Skip the images and print the listing exactly.

*Data shown*:
▬▬▬▬▬▬

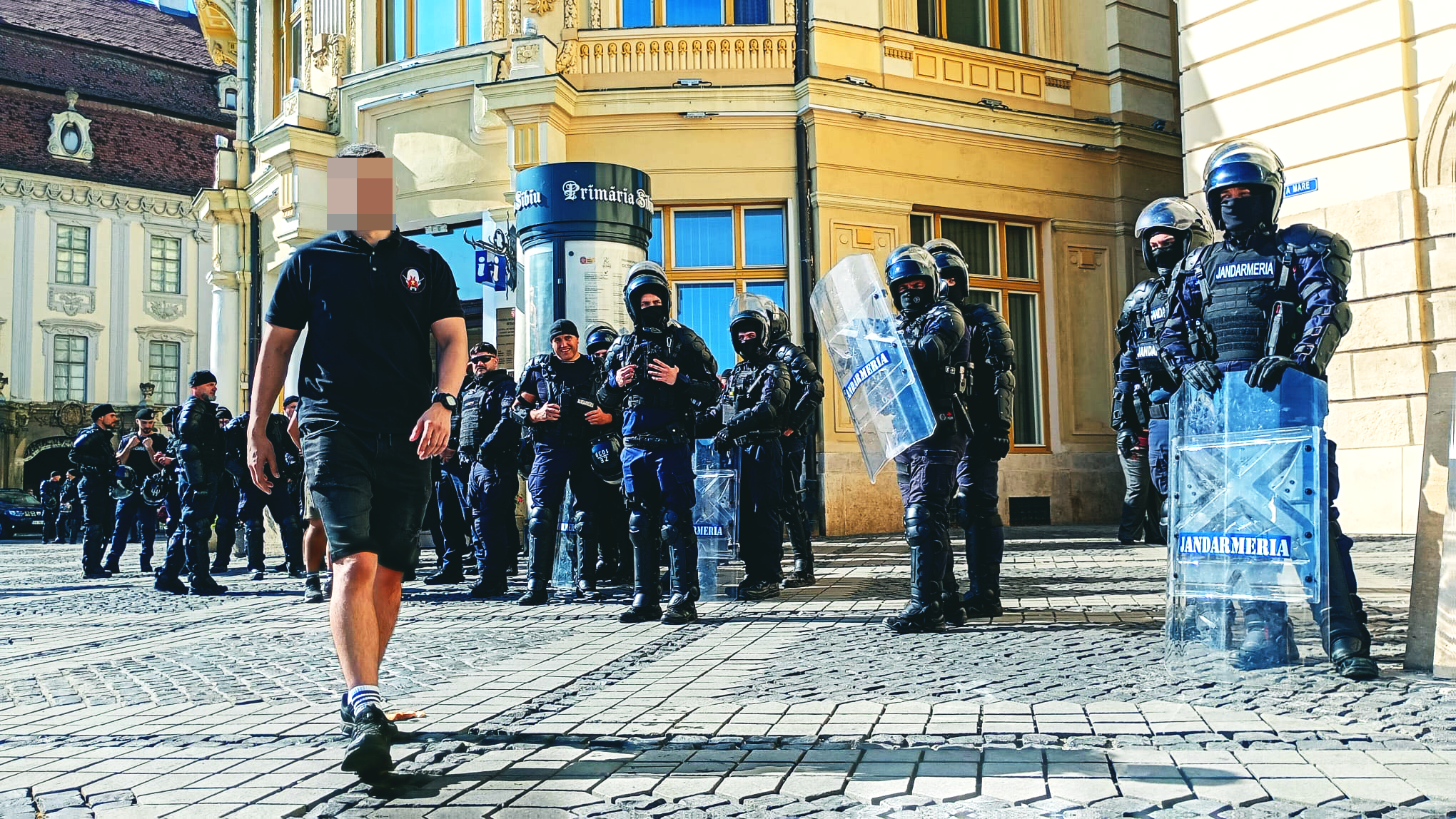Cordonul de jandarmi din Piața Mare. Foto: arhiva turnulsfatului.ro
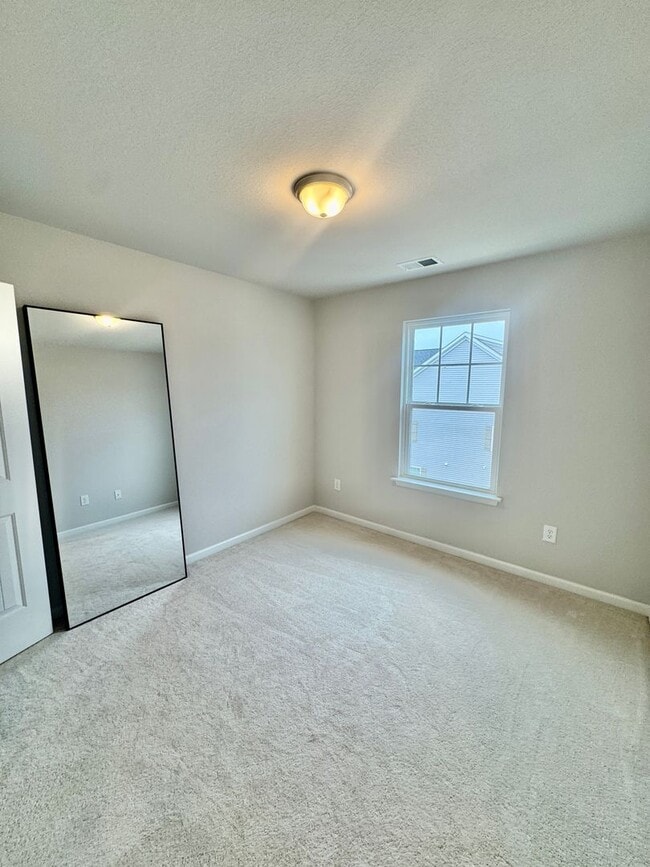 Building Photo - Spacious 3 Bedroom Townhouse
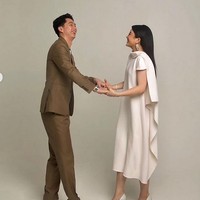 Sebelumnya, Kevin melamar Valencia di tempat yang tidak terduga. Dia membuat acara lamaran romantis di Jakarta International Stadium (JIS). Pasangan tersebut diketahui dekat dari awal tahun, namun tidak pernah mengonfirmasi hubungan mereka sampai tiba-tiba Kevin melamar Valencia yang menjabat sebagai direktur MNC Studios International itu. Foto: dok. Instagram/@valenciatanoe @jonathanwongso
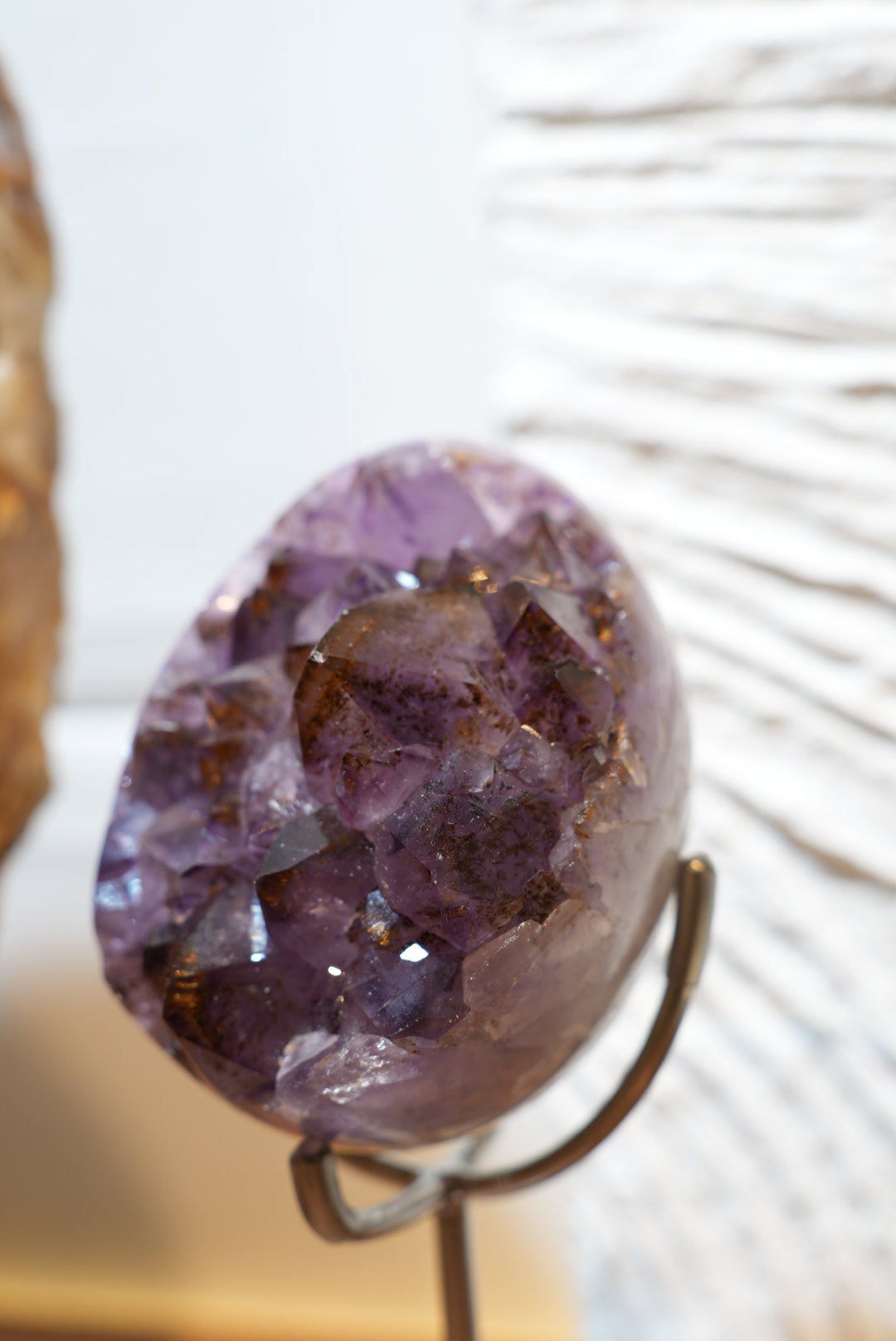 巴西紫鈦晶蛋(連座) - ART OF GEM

▬▬▬▬▬▬

*Answer*:
Cordonul de jandarmi din Piața Mare. Foto: arhiva turnulsfatului.ro
 Building Photo - Spacious 3 Bedroom Townhouse
 Sebelumnya, Kevin melamar Valencia di tempat yang tidak terduga. Dia membuat acara lamaran romantis di Jakarta International Stadium (JIS). Pasangan tersebut diketahui dekat dari awal tahun, namun tidak pernah mengonfirmasi hubungan mereka sampai tiba-tiba Kevin melamar Valencia yang menjabat sebagai direktur MNC Studios International itu. Foto: dok. Instagram/@valenciatanoe @jonathanwongso
 巴西紫鈦晶蛋(連座) - ART OF GEM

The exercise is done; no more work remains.